• WHAT YOU HAVE TO DO:
Your reply must contain the lines from the one with "Sweet Roses Bouquet" through the last line of the material, exact and complete, with no pictures and no other text.

• LISTED ENTRIES:
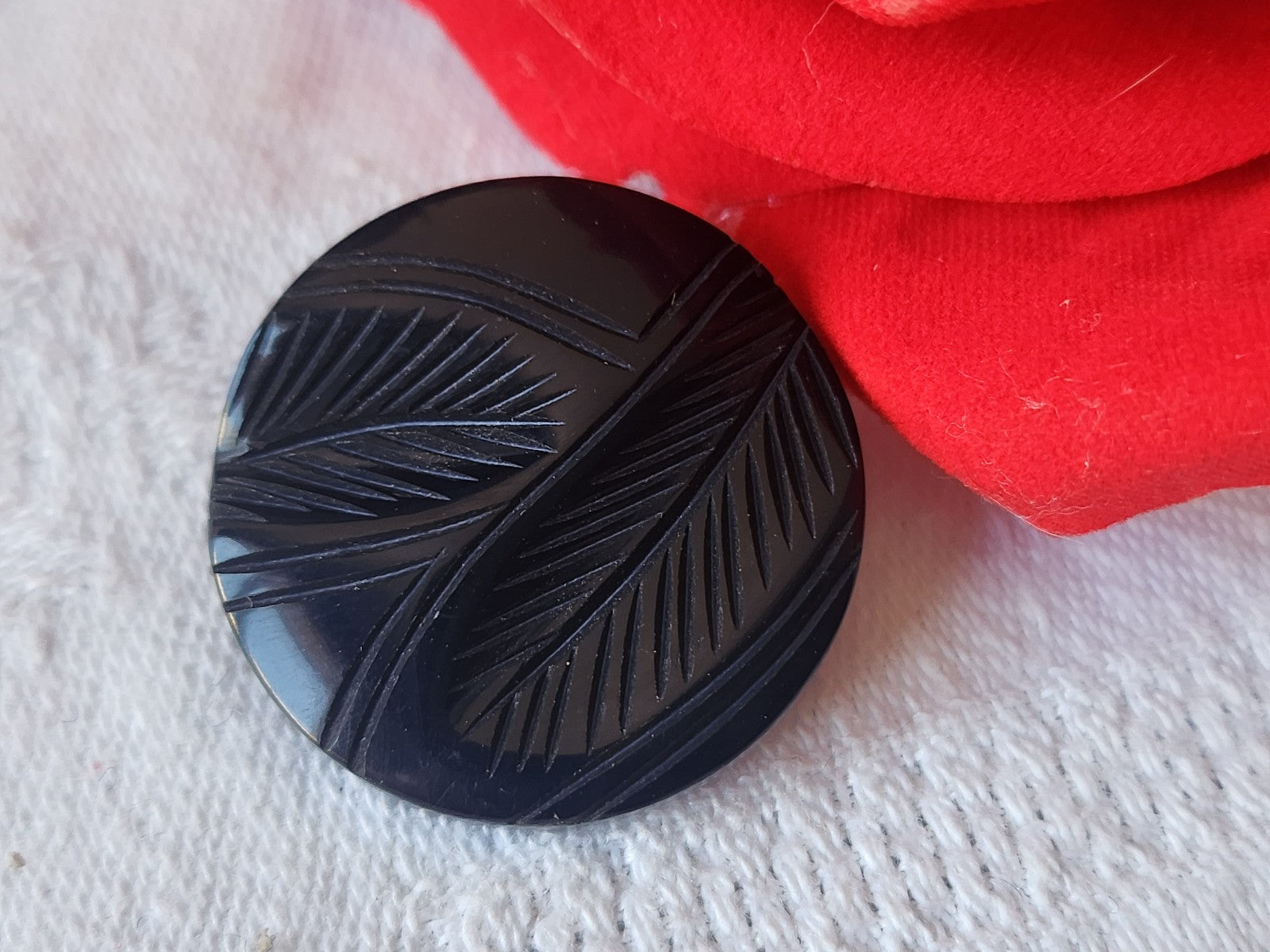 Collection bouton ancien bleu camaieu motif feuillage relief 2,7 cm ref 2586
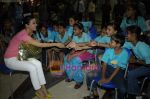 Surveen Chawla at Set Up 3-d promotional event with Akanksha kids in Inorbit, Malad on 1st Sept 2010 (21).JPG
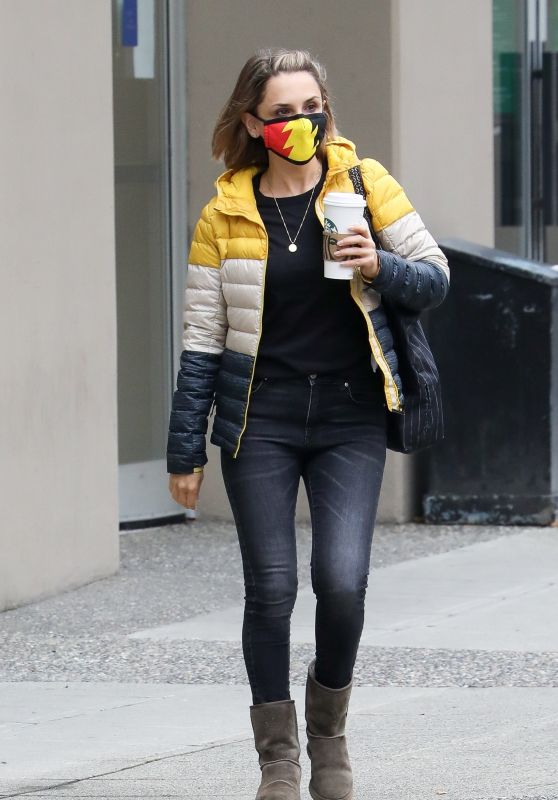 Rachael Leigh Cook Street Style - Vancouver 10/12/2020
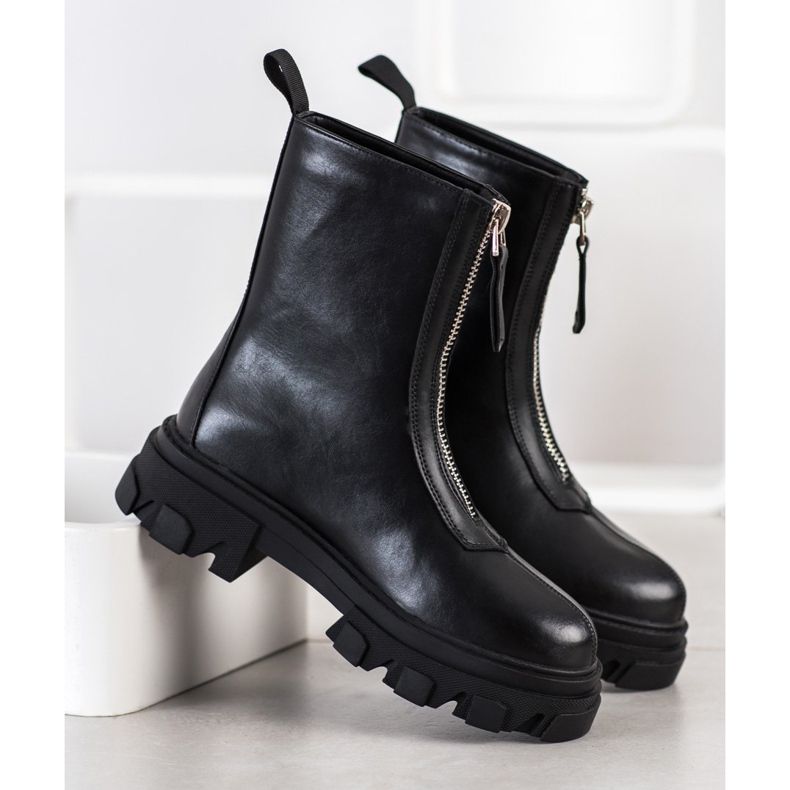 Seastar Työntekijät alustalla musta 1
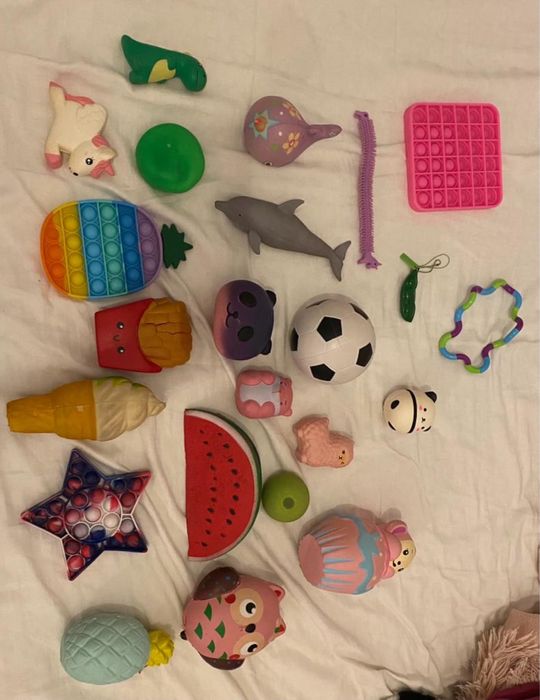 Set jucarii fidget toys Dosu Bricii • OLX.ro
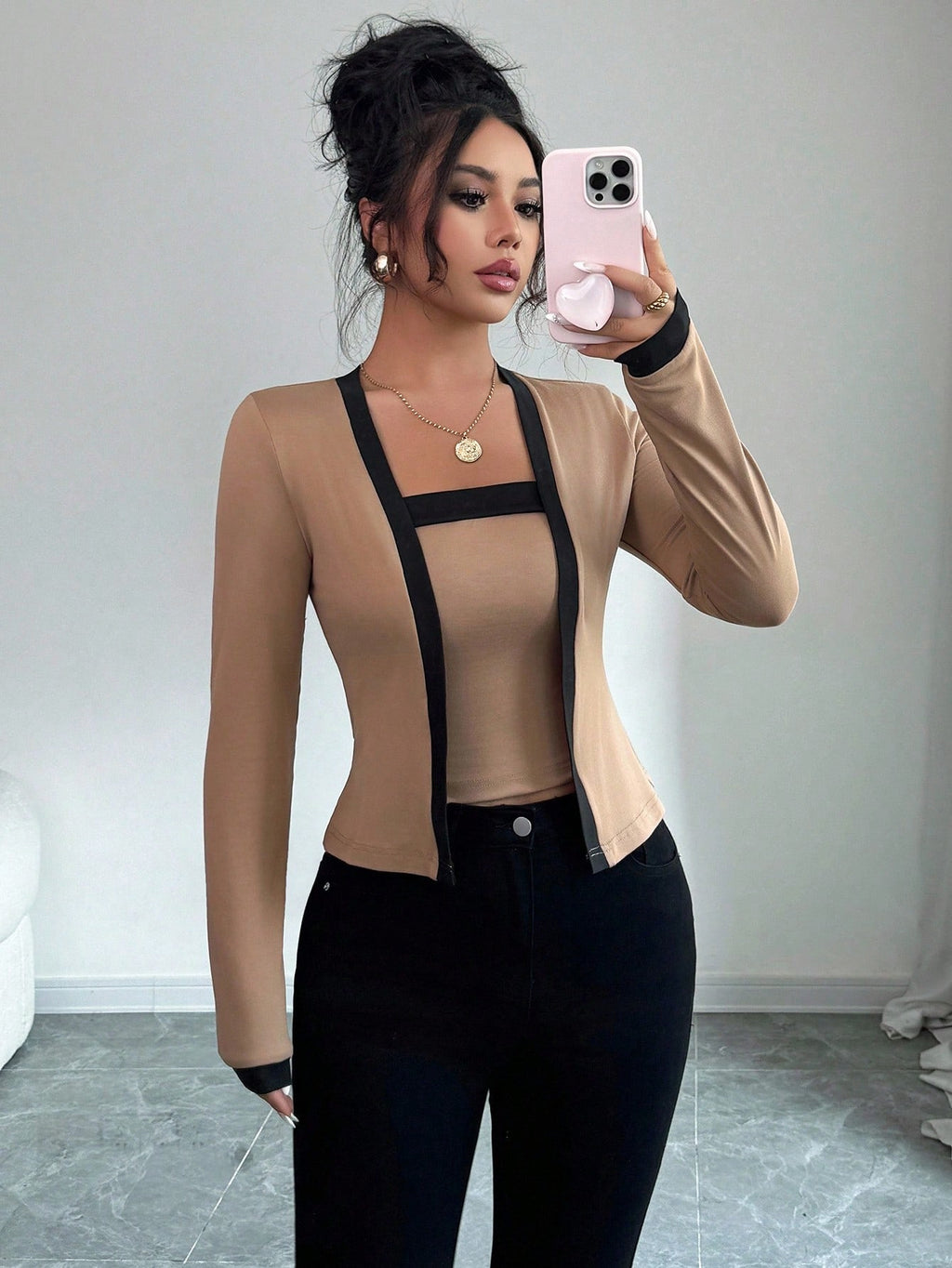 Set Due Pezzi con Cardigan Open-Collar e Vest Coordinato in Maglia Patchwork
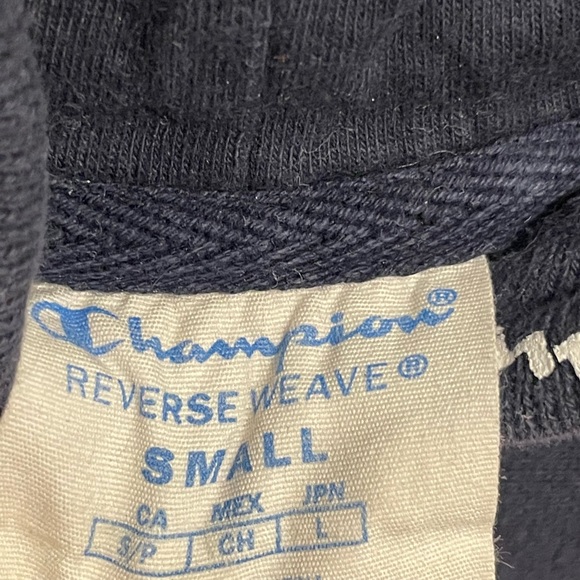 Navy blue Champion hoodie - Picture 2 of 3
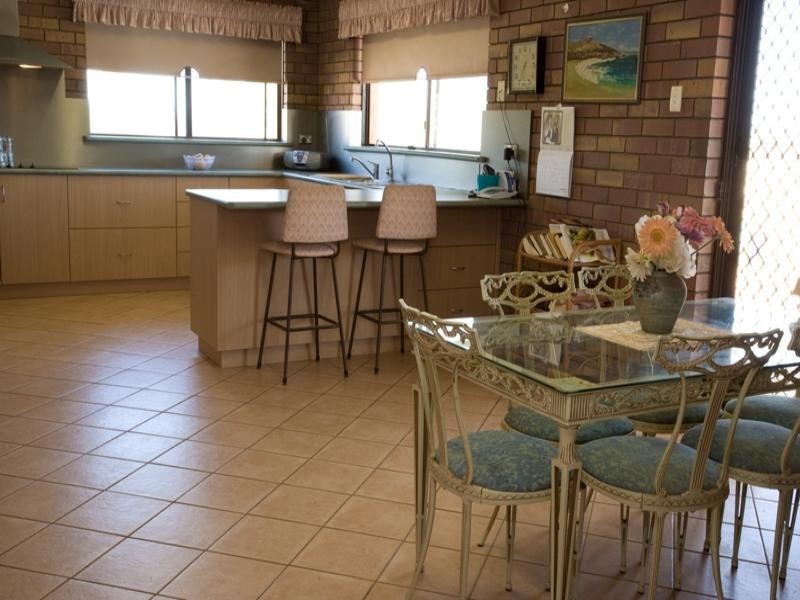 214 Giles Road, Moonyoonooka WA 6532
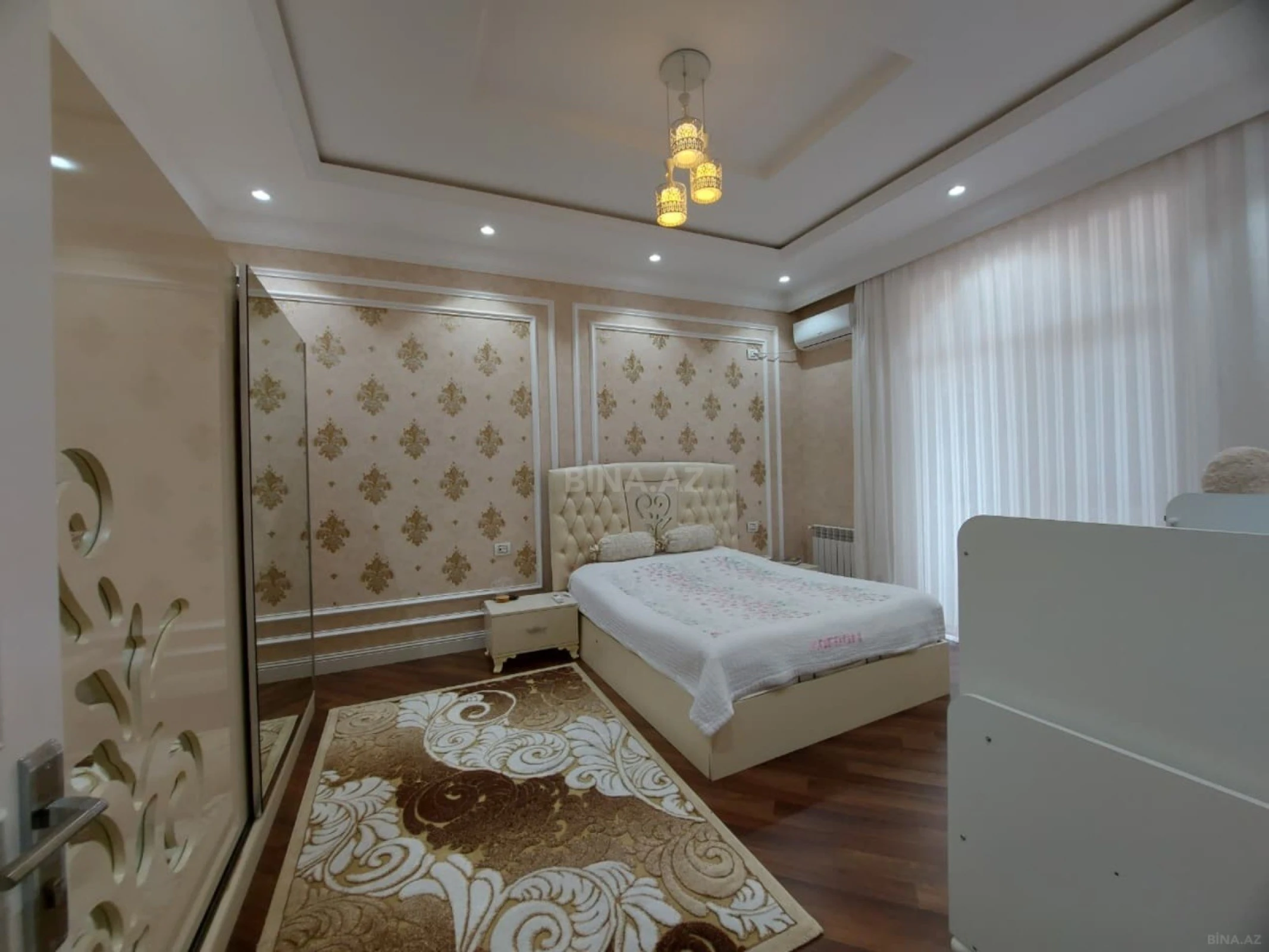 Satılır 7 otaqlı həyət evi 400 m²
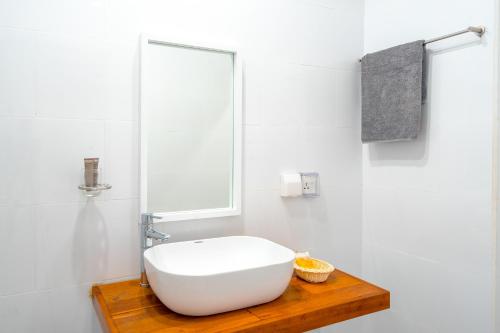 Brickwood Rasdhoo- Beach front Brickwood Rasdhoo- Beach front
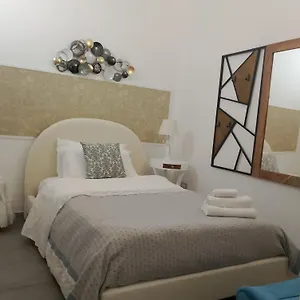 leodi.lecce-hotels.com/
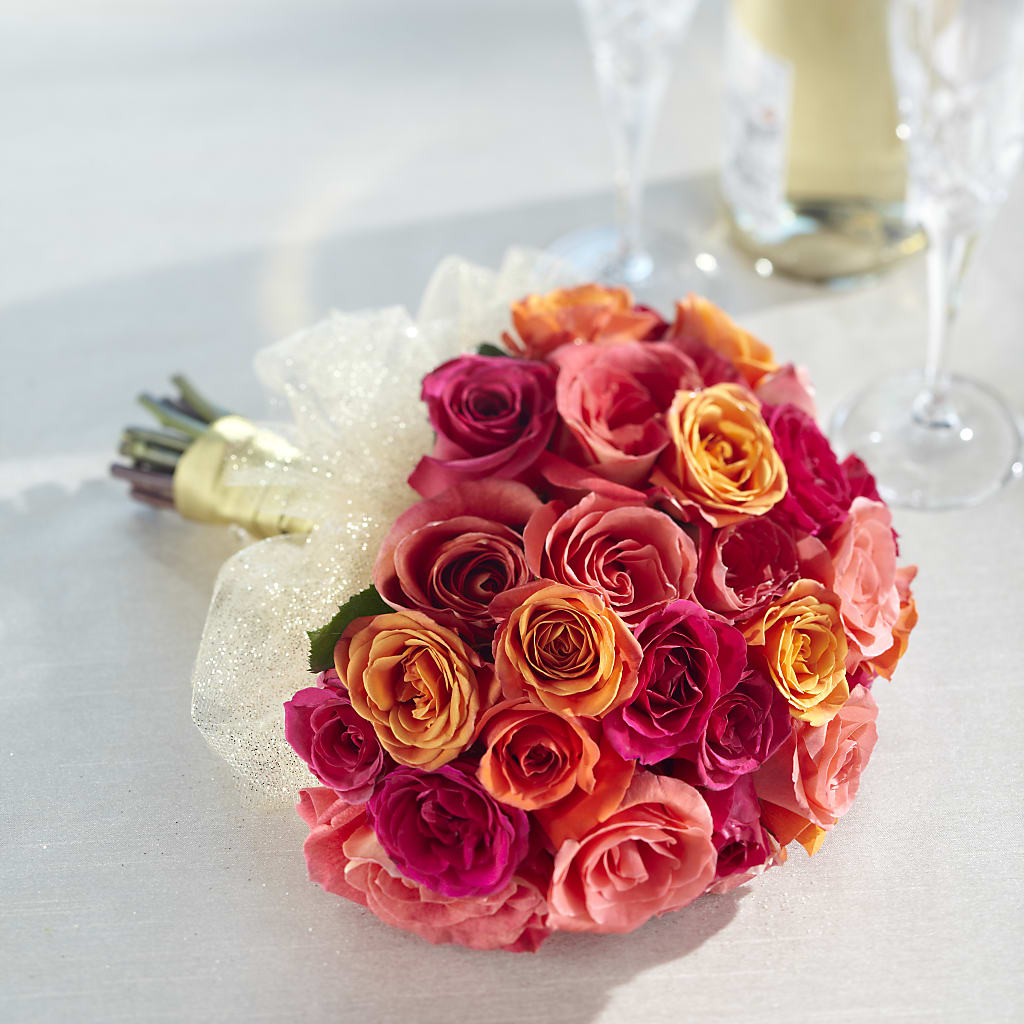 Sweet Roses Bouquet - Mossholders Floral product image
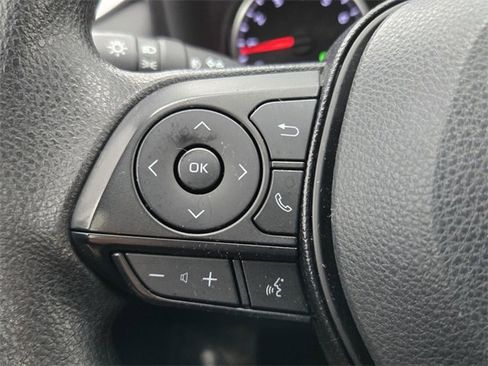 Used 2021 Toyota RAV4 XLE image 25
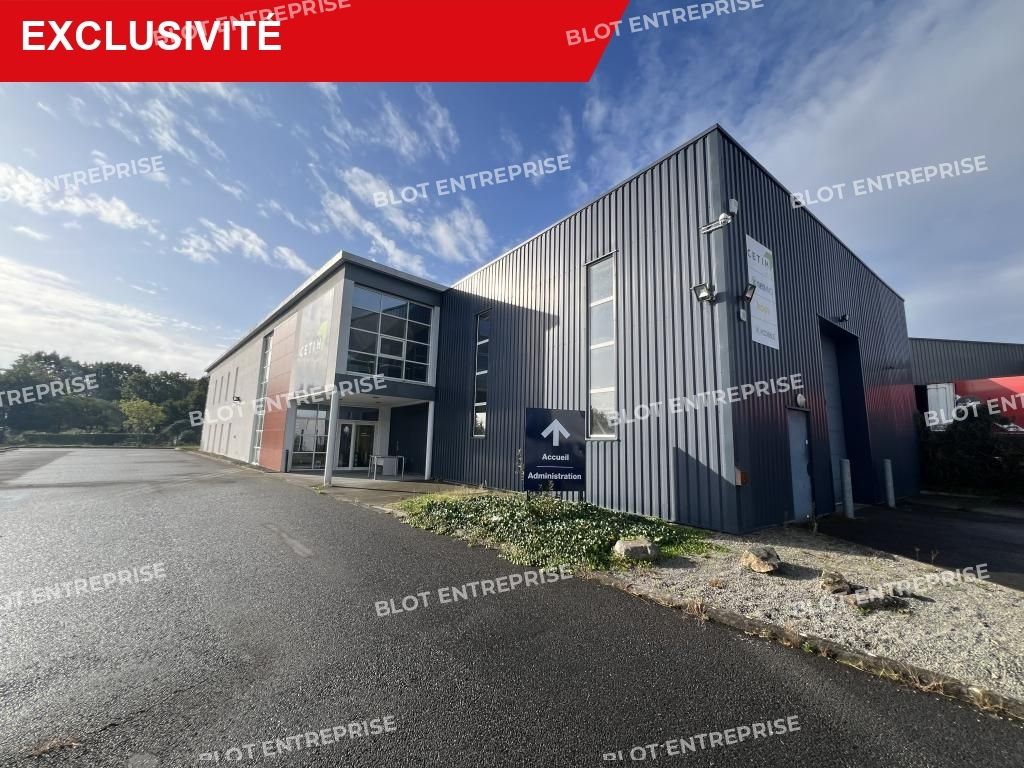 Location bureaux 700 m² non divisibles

• SOLUTION TO THIS EXERCISE:
 Sweet Roses Bouquet - Mossholders Floral product image
 Used 2021 Toyota RAV4 XLE image 25
 Location bureaux 700 m² non divisibles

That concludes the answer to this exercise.